Review
This book is wonderful, and anyone interested in the shock of modernity in the Arab world should read it. Foster's haunting explorations of the hearts and minds of his Moroccan friends is both a portrait of a country and a loving collaboration in its negotiations with a changing world. He combines a storyteller's gift, an anthropologist's intellectual rigor, and a compassionate fascination with desire, confusion, and despair that has only deepened in the course of a remarkable second career in psychiatric nursing. (Jane Kramer )
This is a beautiful book about how individuals respond to globalization processes. It is also a valuable contribution to the literature on Morocco....By focusing on close encounters and the experiences of a few individual Moroccans, Foster reminds us about the complexities of human life and also introduces us to 'Moroccos' that do not usually come to the forefront. (Miriam Latif Sandbak
Journal Of Peace Research, Vol. 44, No. 5, September 2007 )

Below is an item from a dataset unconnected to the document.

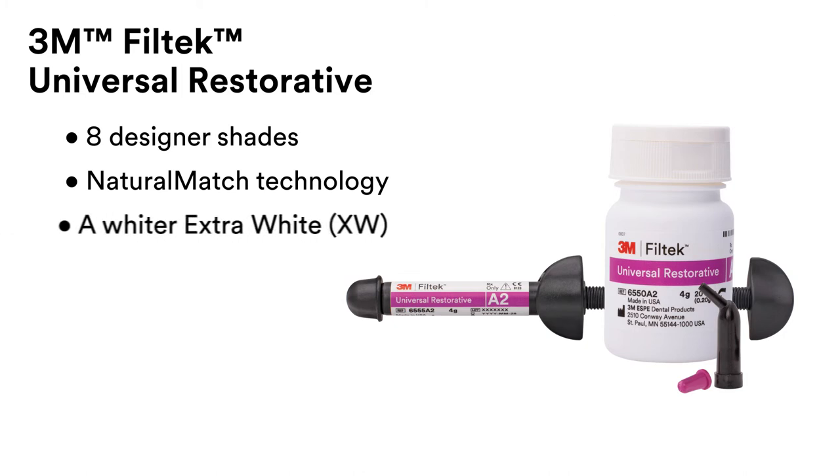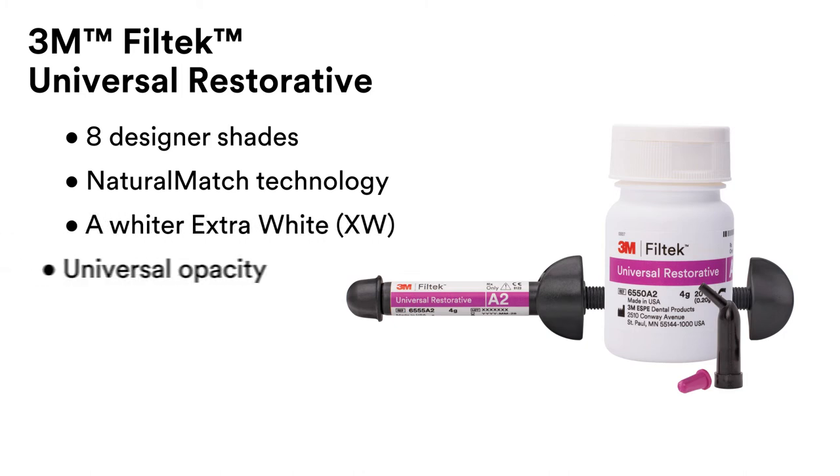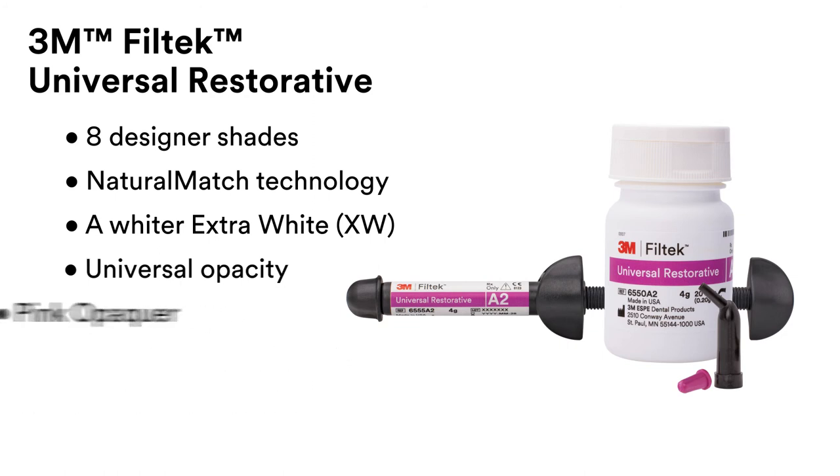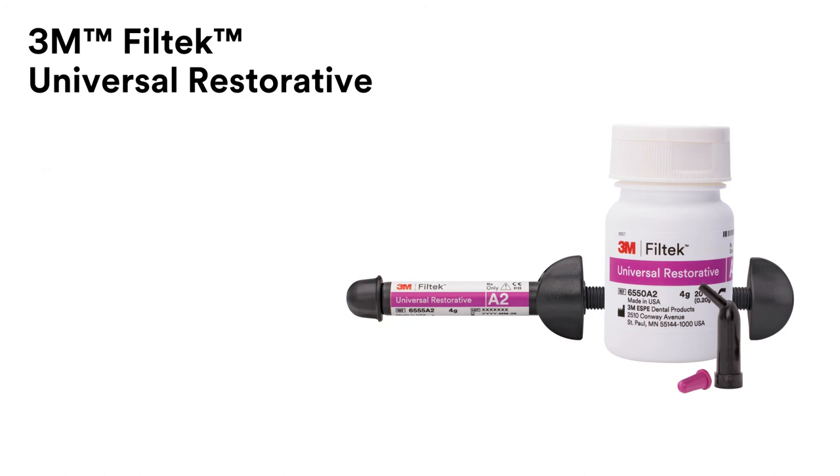3M Filtek Universal Restorative simplifies single-shade restorations with 8 designer shades and Natural Match Technology, a whiter extra white, universal opacity, pink opaquer, an easy lasting polish, and low shrinkage stress. 3M Filtek Universal Restorative — universally simpler.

Its extensive scholarly commentary and anecdotal approach reflect its author's training as an anthropologist. Foster has done a masterful job of illustrating, through anecdotes, the processes and effects of modernization, at least as they affect Tangiers and such principal Moroccan cities. Foster successfully blends his scholarly and personal itineraries, carrying them forward to a satisfying destination. (Leland Barrows
H-Net )
Stephen Foster invites us to ponder the practice of ethical cosmopolitanism. In a riveting account of his many travels in Morocco—and commentary on his extensive interviews with Moroccans at home and abroad—Foster provides nuanced reflections both on the desire for worldliness and on the ways worldliness brings forth new structures and meanings of desire. The result is absolutely compelling, shedding new light on the transnational tumble of culture and identity, ethics and politics. (Greg Mullins )
About the Author
Stephen William Foster has taught anthropology at Smith College and the University of California, Berkeley. He is the author of The Past is Another Country. He is an independent scholar and a nursing administrator at San Francisco General Hospital.